Creating hyper-realistic digital twins of social networks by combining data mining, natural language processing and agent-based modelling
Click here to read the extended abstract.
Social media has become a primary source of information and is the “go to” place for people’s daily news consumption. Understanding how information spreads on these platforms is a critical research endeavour with applications ranging from online marketing to the spread of misinformation or the formation and bursting of social network driven financial bubbles (e.g., GameStop). Compared to traditional news outlets, the distribution of information on social media is decentralized and depends on the sharing behaviour of every single entity in the network. Thus, the spread of information online is an emergent property of agents’ micro-actions. Therefore, agent-based modelling is an ideal approach for modelling the dynamics of information spread in social media networks.
However, while ABMs have a clear appeal in this situation (as they allow to exactly model the underlying processes), their usage has often remained somewhat theoretical/abstract. A potential reason for this is that ABMs often model abstract populations of agents that resemble real-world population with respect to some summary statistics (e.g., average node degree and assortativity) but do not directly map onto any real-world entities. Thus, agent-based modelling has been useful for understanding general rules about how information spreads in social networks but has (to our knowledge) rarely been used to make predictions about specific real-world situations.
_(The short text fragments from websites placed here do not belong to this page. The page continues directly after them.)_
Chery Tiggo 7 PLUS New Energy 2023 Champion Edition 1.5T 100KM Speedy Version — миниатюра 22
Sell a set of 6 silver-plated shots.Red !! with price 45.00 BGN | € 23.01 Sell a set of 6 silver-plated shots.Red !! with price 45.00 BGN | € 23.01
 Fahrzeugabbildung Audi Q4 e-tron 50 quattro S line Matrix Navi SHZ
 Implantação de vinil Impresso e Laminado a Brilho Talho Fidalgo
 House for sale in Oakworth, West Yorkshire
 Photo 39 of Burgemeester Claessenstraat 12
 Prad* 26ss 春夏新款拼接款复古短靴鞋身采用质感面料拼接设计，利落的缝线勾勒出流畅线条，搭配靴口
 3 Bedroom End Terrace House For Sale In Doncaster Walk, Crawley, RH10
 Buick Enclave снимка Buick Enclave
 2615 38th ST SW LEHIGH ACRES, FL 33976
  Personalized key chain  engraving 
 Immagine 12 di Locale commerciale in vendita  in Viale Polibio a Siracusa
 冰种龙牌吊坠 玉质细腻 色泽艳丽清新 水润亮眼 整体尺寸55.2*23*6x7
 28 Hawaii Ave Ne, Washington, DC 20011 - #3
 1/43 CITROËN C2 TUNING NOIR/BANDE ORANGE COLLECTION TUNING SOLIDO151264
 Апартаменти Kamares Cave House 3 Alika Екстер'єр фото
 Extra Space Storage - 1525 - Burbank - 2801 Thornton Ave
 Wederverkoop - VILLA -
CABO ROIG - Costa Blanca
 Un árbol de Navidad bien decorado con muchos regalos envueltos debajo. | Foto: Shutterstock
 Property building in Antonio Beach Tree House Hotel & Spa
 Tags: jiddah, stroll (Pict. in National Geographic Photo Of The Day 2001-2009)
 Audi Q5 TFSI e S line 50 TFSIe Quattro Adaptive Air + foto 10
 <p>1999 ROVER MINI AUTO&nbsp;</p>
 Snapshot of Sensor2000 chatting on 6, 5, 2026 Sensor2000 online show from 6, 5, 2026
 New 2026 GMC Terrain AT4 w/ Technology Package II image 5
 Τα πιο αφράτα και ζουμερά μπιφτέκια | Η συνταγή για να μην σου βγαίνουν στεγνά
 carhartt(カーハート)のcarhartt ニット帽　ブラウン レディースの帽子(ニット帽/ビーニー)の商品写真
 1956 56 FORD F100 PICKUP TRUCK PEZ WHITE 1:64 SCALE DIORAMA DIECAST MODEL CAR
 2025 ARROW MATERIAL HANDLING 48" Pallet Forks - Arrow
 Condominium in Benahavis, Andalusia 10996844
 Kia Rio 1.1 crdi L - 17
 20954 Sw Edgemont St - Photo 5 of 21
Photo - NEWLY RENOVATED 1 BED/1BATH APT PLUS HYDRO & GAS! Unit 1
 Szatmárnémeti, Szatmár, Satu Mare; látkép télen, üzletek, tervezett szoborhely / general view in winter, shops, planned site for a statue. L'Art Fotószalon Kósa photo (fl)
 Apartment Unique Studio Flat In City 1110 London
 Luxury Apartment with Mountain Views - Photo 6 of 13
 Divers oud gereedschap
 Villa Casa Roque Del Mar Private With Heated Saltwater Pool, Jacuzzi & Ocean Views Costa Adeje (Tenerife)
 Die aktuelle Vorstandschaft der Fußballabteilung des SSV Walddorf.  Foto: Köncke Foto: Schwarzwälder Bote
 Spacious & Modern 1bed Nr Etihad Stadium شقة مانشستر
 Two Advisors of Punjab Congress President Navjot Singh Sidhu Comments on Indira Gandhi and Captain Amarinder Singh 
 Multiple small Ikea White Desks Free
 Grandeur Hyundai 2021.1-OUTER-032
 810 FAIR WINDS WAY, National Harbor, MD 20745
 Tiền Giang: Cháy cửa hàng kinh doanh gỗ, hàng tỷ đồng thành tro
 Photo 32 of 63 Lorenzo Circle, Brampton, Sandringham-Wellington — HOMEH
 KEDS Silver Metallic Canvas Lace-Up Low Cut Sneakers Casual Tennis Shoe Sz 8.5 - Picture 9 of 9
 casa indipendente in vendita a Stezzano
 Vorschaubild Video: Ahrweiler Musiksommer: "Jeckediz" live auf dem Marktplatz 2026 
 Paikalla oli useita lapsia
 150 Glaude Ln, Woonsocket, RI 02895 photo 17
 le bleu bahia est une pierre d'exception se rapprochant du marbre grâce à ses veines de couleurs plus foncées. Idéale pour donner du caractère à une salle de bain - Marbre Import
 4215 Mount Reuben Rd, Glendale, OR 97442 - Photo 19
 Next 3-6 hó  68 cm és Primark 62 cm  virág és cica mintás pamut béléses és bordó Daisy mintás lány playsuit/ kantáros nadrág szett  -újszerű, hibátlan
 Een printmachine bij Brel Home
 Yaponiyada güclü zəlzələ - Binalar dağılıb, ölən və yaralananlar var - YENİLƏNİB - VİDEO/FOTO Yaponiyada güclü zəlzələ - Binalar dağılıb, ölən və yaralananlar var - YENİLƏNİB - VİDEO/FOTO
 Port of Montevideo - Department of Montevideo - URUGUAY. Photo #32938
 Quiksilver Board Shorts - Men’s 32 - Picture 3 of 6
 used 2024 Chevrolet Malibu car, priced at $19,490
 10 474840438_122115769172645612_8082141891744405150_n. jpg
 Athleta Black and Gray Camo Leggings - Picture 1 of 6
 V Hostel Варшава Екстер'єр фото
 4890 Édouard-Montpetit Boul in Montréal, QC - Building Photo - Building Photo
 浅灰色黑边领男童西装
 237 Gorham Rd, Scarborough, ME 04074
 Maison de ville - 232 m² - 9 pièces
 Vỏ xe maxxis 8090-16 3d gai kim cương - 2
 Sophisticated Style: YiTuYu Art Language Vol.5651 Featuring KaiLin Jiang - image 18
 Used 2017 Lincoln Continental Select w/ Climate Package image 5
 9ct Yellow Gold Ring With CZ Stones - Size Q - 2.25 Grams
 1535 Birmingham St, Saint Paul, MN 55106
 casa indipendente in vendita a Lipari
Here we present a workflow to address this, which entails data mining from social media platforms, natural language processing, behavioural modelling, and agent-based simulations. This workflow enables to create hyper-realistic digital twins of real-world social networks. Importantly, we show that this level of realism leads to highly accurate predictions about how and which information will spread in a social network of interest, outperforming other machine-learning techniques.